To further assess the adequacy of the LES mesh in critical flow regions, the local resolution quality was examined not only in the blade-tip region, but also near the blade trailing edges, strut leading edges, and the rotor–stator interaction gap. The mesh was designed to ensure sufficient resolution of the dominant unsteady structures in these regions, where wake development, local separation, and pressure fluctuation are most pronounced. In particular, the Pope criterion indicates that approximately 81.2% of the turbulent kinetic energy is resolved in the blade-tip region, and similar fine-resolution treatment was applied to the main interaction zones to satisfy the requirements of the present comparative LES analysis. The overall meshing configuration is presented in Figure 4. To rigorously verify grid independence, a core aerodynamic parameter—the area-averaged total pressure of the fan—was monitored across varying mesh densities. Furthermore, to quantify the numerical uncertainty due to spatial discretization, the Grid Convergence Index (GCI) methodology proposed by Celik et al. [32] was employed. Based on the total pressure values from three consecutive grid sets (coarse: 20.0 million, medium: 24.7 million, fine: 30.0 million), the fine-grid GCI was calculated to be 1.26%. As shown in Figure 5, the area-averaged total pressure converges at approximately 24.7 million elements. Since the GCI value is well below the standard threshold of 3%, the numerical uncertainty is deemed minimal, and the 24.7 million mesh was selected for all subsequent simulations to balance computational accuracy and cost.

Regarding the boundary condition specifications, a pressure inlet was applied at the inlet boundary. The inlet turbulence intensity was set to 5%, and the turbulent length scale was specified based on the inlet hydraulic diameter to accurately represent the incoming ambient flow. At the outlet boundary, a pressure outlet condition was assigned with a static gauge pressure of 0 Pa, simulating the discharge into an open atmospheric environment. The impermeable FW-H formulation was employed to predict the far-field noise, as the surface dipole is the dominant acoustic source in the current low-Mach-number interaction.

3.4. Validation

To verify the accuracy of the simulation, an aerodynamic test was conducted on the initial fan. For static pressure measurements, a Setra Model C239 pressure transducer (Setra Systems, Boxborough, MA, USA) was used. The volumetric flow rate is calculated based on the pressure difference between the upstream and downstream positions of the nozzle flowmeter. The flow rate curve is shown in Figure 6 below.

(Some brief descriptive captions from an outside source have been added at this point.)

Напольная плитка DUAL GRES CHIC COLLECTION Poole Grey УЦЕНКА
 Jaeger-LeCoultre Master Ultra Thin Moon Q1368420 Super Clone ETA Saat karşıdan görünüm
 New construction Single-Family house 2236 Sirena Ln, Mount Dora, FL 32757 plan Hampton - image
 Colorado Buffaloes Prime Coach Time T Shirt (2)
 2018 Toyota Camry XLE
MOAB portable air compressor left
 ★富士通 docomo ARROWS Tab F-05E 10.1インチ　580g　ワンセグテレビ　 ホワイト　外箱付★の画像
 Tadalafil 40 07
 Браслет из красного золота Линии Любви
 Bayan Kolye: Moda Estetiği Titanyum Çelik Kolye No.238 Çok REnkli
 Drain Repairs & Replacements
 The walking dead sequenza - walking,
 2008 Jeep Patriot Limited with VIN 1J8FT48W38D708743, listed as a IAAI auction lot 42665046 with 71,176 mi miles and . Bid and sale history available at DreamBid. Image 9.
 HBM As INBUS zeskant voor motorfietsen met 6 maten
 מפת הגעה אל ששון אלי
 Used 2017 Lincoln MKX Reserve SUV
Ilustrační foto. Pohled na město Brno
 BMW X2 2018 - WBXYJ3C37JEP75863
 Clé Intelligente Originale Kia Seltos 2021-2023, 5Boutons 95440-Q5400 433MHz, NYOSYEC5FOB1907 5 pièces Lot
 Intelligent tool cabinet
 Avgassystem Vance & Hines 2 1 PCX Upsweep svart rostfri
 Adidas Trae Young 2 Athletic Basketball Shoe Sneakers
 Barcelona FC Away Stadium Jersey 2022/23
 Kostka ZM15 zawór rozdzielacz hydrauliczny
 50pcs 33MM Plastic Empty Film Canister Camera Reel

In Figure 7, to measure the noise of the optimized fan in an acoustically treated test room, the chamber has dimensions of 3650 mm in length, 3000 mm in width, and 3200 mm in height, with a cut-off frequency of 200 Hz and a background noise level of 12.86 dB (A). As illustrated in the figure, the semi-anechoic chamber experiment was established in accordance with GB/T 2888-2008 [33] Measurement Methods for Noise of Fans and Roots Blowers. A GRAS 46AE microphone (GRAS Sound & Vibration, Holte, Denmark), Simcenter SCADAS SCM2E05 (Siemens Digital Industries Software, Plano, TX, USA) data acquisition chassis, and Simcenter Testlab data analysis software (2306) were employed. Microphones were positioned 1 m away from the fan inlet, aligned with the fan shaft, and arranged at 45° intervals around the shaft. Synchronous monitoring was performed to record the sound pressure in real time.

To validate the accuracy of computational fluid dynamics (CFD) simulations and experimental measurements, a comparative analysis of the 1/3-octave band sound pressure levels (SPLs) of the aerodynamic noise was conducted, as presented in Figure 8. Specifically, the data presented in Figure 8 corresponds to the sound pressure recorded by the single microphone positioned directly on the central axis, 1 m upstream of the fan inlet. At the blade-passing frequency (BPF), the simulated SPL was 78.1 dB, while the experimentally measured value was 81.52 dB, resulting in a relative error of 4.38%. This discrepancy is primarily attributed to vibrations generated during fan operation, which propagate to the surrounding environment through structural transmission and interfere with the microphone measurements.

In addition to structural vibration, several other factors may contribute to the discrepancy between the numerical and experimental SPL results. First, unavoidable uncertainties in the acoustic experiment, including microphone positioning, background reflections, and installation-induced disturbances, may affect the measured sound pressure levels. Second, the FW-H acoustic analogy, although effective for comparative far-field prediction, cannot fully capture structure-borne noise and certain installation effects present in the experiment. Third, geometric simplifications introduced in the numerical model, such as the omission of minor structural details, may also slightly alter the local flow field and acoustic response. Therefore, the observed 4.38% error is considered acceptable for the present aeroacoustic analysis, while the remaining difference can be reasonably attributed to the combined influence of structural, experimental, and modeling factors.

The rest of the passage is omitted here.